If people know your story, they know that Summit EPA was a game changer for you. Without playing favorites and without thinking about it too much, name three other local beers that blow you away.
As a member of the Minnesota Craft Brewers Guild and a passionate supporter of locally brewed beer this is going to be tough! OK, personal taste preference only. No favoritism. I am choosing these beers purely because I enjoy them myself, not because I want to show that brewery the love, so to speak.
Let me also explain that as far as my taste goes I am kinda’ through the uber hoppy phase and now enjoy all kinds of beer, especially more subtle ones that many years ago I may have thought were “boring”. Don’t get me wrong, I still love massively hoppy beers when I’m in the mood for them.
OK, now that’s off my chest here you go: in no particular order and with no explanation other than I remember drinking them and saying to myself, “Wow!”
1. Olvalde: Auroch’s Horn
2. Surly: Hell
3. Summit: Unchained #1, Kolsch
You have a background in the cycling industry, care to take a stab at explaining the correlation between beer and bikes?

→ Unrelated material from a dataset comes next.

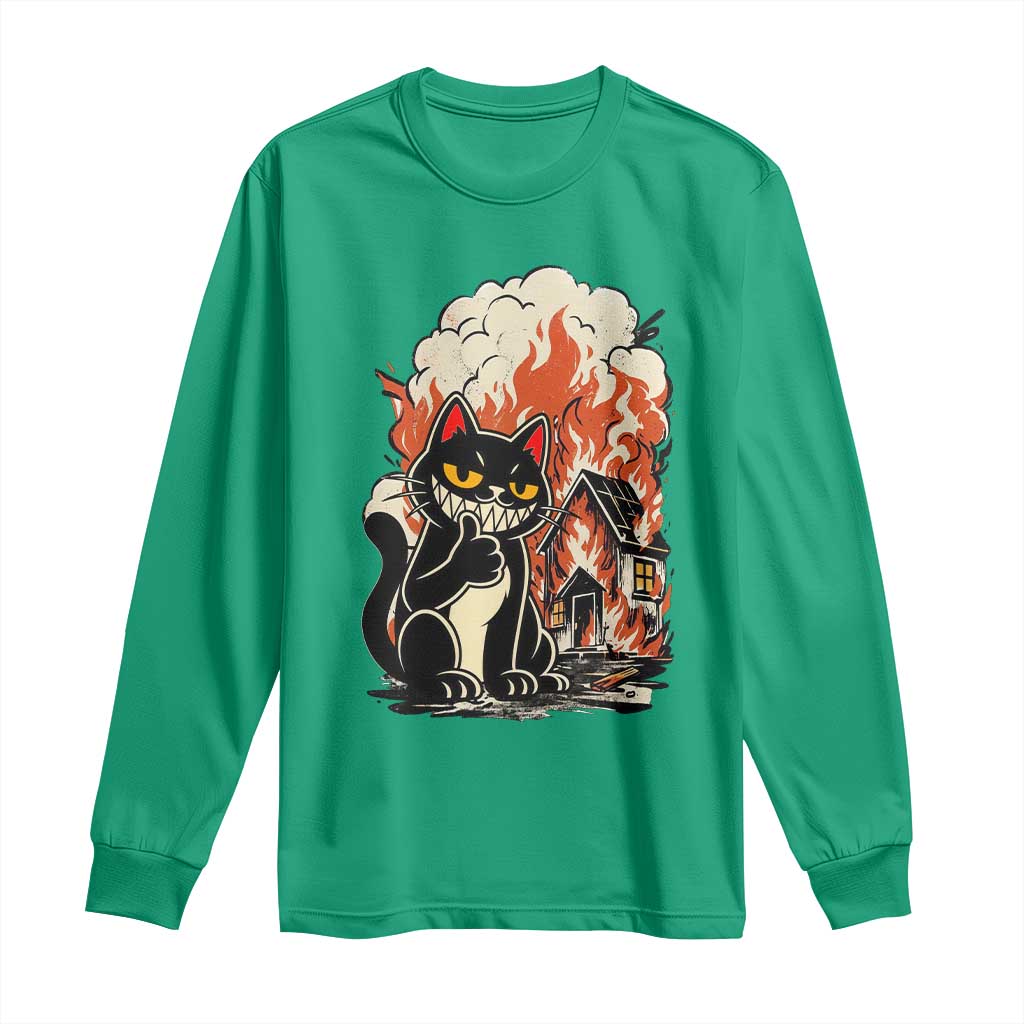 Funny Trouble Maker Cat Long Sleeve Shirt Cute Mischief Graphic Gift For Cat Lover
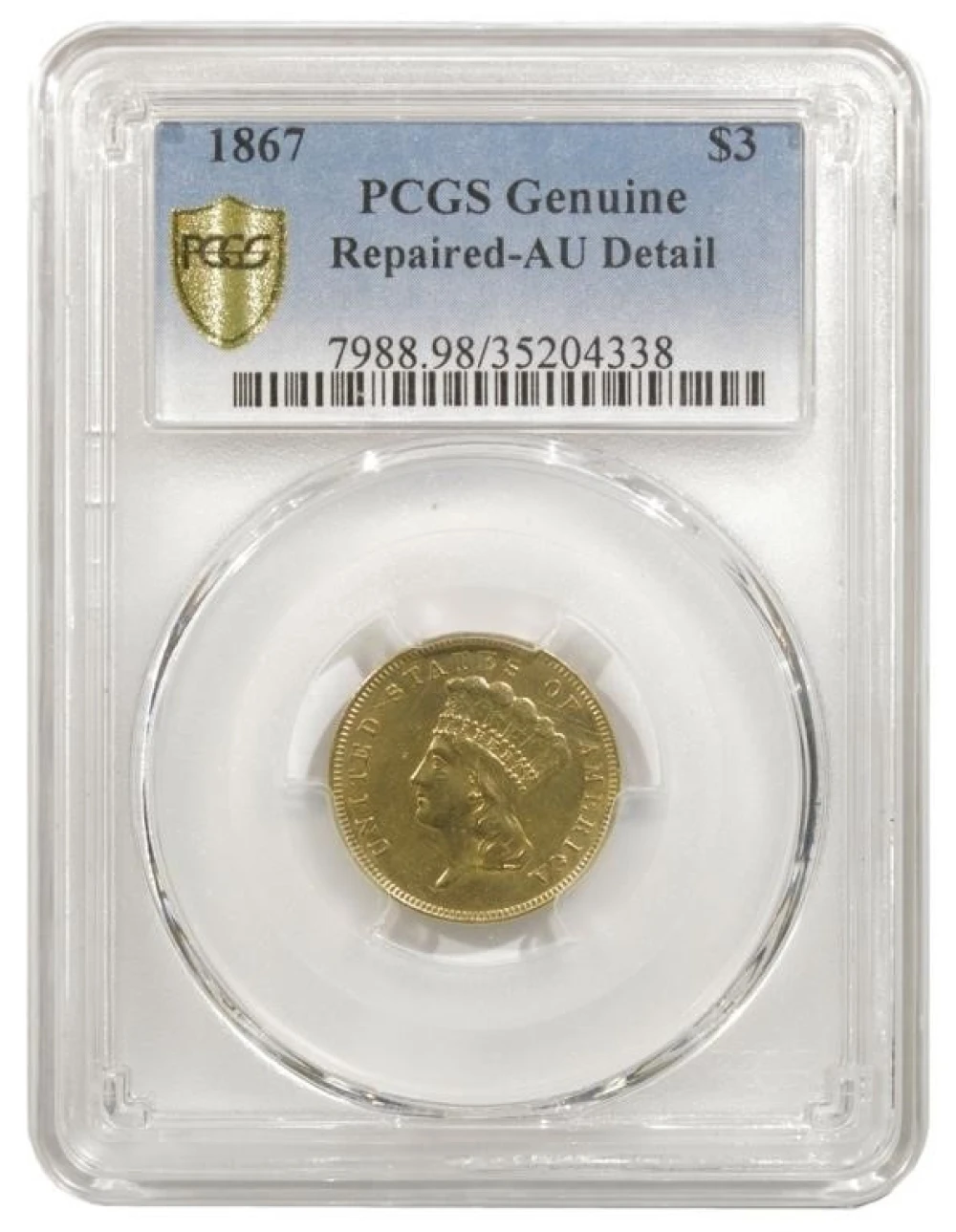 AU Details 1867 Gold $3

I think the answer to this one is simple. Bikes and good beer are both beautiful handcrafted things. I think that people who are really into bikes appreciate the work and the passion that goes into making them. Likewise they (we, let’s not forget I’m one of them!) can appreciate the effort, care and hand craftsmanship that goes into making truly great beer. I’m sure it translates into all kinds of things. Coffee, for example. Bike people tend to be really into good coffee as well. I think the real answer to that question is not just about the relationship between cyclists and beer rather it’s more about a kind of person that tends to appreciate the finer things in life.
What can Australian brewers learn (if anything) from the craft brewing boom in the United States?
Australia is in a tough position when it comes to brewing quality beer. They are heading in the same direction as the U.S. but on a much smaller scale. You have to remember there are only 22 million people in the whole country. Think about that for a second. 22 million people spread out on a land mass the size of the lower 48 (that’s for you Greg!). That’s not very many people.
Now add to that the fact that just like here in the U.S. by far the majority of people who drink beer in Australia are drinking mass produced lagers and have no idea what good beer really is. Starting a microbrewery in a place like that is considerably more difficult than it is here. It’s such a limited market, there just aren’t very many people who would drink the beer! It’ll take time and I suspect the market in Australia will simply never even come close to what exists here in the U.S. but Aussie lovers of fine beer will continue to fight the good fight I’m sure.
As for advice? I’d say to any potential Australian brewmaster,”Get your arse over here to the U.S. and see what a craft beer industry really can be!”
If the essence of Jason Alvey was captured in a beer recipe, what would that beer be?
Well, there would be barrels involved. Maybe some newly discovered strains of Brett. Cheesy old hops of course and ideally some angel’s tears.